Throttle Position Sensor

Four different views of a throttle position sensor.

The Throttle Position (TP) sensor is located on the throttle body of a fuel-injected engine. This type of sensor is known as a potentiometer, a variable resistor used to control voltage in a circuit. The TP sensor is used to detect engine load. The PCM and the TCM share the output. This sensor's signal and vehicle speed sensor are used by the TCM to provide optimal shift timing.

Most TP sensors have extra pins for extra internal functionality. For this discussion, we look at three terminals and the sensor's connection to the automatic transmission. A faulty TP sensor causes erratic shift timing and affects torque converter engagement.

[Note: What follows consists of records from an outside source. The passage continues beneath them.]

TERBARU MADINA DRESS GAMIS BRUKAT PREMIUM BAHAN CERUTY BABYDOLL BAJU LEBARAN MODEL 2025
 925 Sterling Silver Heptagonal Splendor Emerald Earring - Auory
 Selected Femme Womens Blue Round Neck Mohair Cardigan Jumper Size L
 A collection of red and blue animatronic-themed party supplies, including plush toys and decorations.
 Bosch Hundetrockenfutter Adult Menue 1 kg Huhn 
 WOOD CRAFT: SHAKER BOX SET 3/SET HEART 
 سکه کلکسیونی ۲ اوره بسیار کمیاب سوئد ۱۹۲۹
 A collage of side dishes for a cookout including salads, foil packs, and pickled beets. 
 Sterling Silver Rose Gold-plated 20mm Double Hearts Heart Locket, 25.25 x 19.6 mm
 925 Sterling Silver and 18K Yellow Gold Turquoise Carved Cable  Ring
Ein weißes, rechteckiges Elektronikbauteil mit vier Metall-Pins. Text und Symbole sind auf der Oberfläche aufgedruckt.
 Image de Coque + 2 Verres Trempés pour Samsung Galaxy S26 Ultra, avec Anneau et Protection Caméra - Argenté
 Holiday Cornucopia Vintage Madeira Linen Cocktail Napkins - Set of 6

The Throttle Position (TP) sensor.

One lead directly connects to the computer's 5-volt reference voltage supply. The opposite end of this internal resistance strip is the ground. Another is connected to the PCM. This wire connects to the movable arm that swipes across an internal resistance strip, sending a varying voltage signal back to the PCM. This signal indicates the engine's throttle angle. It sends a varying voltage signal to the controller, indicating the throttle angle changes.

The CAN network.

The sensor is attached to the throttle plate shaft and changes output voltage as the throttle plate opens and closes. The output voltage will be low or around 0.45 volts if the throttle is closed and will be high or 4.5 volts at (WOT) Wide Open Throttle. The PCM adjusts the fuel injection and ignition timing as the throttle plate moves. If the driver suddenly accelerates their vehicle, the PCM receives this 4.5-volt signal, increasing the fuel injection time to compensate. The TCM receives the signal over the CAN and initiates a downshift.